In some embodiments, the second device 114 performs a secondary verification for all the audio transmitted by the first device 110, the secondary verification being a comparative verification performed on the received audio and the wake-up word based on a machine learning model. The machine learning model may be a pre-trained neural network model, such as a convolutional neural network model or a recursive neural network model. In some embodiments, the second device may determine a verification result for all audio based on a predetermined mapping relationship. The foregoing examples are only intended to describe the present disclosure, not to specifically limit the present disclosure.
At block 208, the first device is woken up in response to receiving from the second device an instruction to wake up the first device. For example, if the first device 110 receives from the second device 114 an instruction to wake up the first device 110, an operation of waking up the first device 110 may be performed.
When the second device 114 receives the user's voice input, it is further detected that the user might intend to wake up the first device. For example, the user speaks out the voice content containing the wake-up command in a case where the user is approaching the first device 110 (e.g., a Bluetooth earphone or smart glasses, etc.). The first device forwards the received user audio data or instruction to the second device, and meanwhile records a state of the wake-up operation. This operation ensures that the first device can independently process the user's wake-up intention, and meanwhile retain the flexibility of multi-device collaboration. Upon receiving the user's wake-up command, the second device may further verify the audio content to ensure accuracy and legitimacy of the command. Such a secondary verification typically comprises speech matching and background noise deletion. The speech matching analyzes whether a keyword in the audio matches a preset wake-up word for the first device, and the background noise deletion may filter out interference noise from the environment and improve the accuracy of the verification. If the second device confirms that the audio instruction passes the verification, the verification result will be returned to the first device, attached with corresponding information (such as a state identifier indicating successful wake-up, a user intention, etc.). This step ensures that the first device may respond according to accurate verification information. After receiving the verification-passed result from the second device, the first device will perform a wake-up operation, and switch to an interaction mode to get ready to receive a further instruction from the user. Furthermore, a preset wake-up response (e.g., issuing a speech prompt “the device is already waken up” or turning on an indicator light) is sent to the user to confirm that the wake-up operation is successful.

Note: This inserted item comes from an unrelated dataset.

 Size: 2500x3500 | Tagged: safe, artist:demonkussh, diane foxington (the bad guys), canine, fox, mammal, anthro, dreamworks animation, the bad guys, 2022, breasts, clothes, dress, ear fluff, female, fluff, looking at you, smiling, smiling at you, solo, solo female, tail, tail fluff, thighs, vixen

In the scenario of multi-device collaboration, this mechanism may ensure the efficiency and accuracy of the wake-up process, and meanwhile avoid the conflict between multiple devices.
By this method, the audio to be transmitted is transmitted to the second device in advance, the time at which the second device receives all audio is moved up, the result of the secondary verification is returned to the first device more quickly, the first device's response to the use's wakeup command is accelerated, and the user's experience is improved.
The schematic diagram of an example method for waking up a device according to some embodiments of the present disclosure has been described above with reference to FIG. 3. Reference will be made below to FIG. 3 to describe a schematic diagram of an example process of a device-application interaction flow according to some embodiments of the present disclosure. The earphone in the example process of FIG. 3 may be used as the first device in FIG. 1, and an application (APP) may be an application running on the second device.
In an example 300 is described a schematic diagram of an example process of an earphone-APP interaction flow. t0, t1, t2, and t3 and T1, T2, and T3 respectively represent time nodes in the earphone-application interaction. At block 302, the user speaks a wake-up word, whereupon the user's spoken wake-up word is received at the earphone. The receiving phase is divided into two parts: one part is that the user has already spoken part of the wake-up word, and the other part is that the user has spoken all the wake-up word. The two parts correspond to time t0 and time t1 on the earphone, respectively. At t0, the earphone gives a pre-wake-up event in advance and starts transmitting audio for the wake-up word to the APP; after a short delay via the Bluetooth transmission, the APP on the second device, at T1, starts receiving the audio transmitted at t0.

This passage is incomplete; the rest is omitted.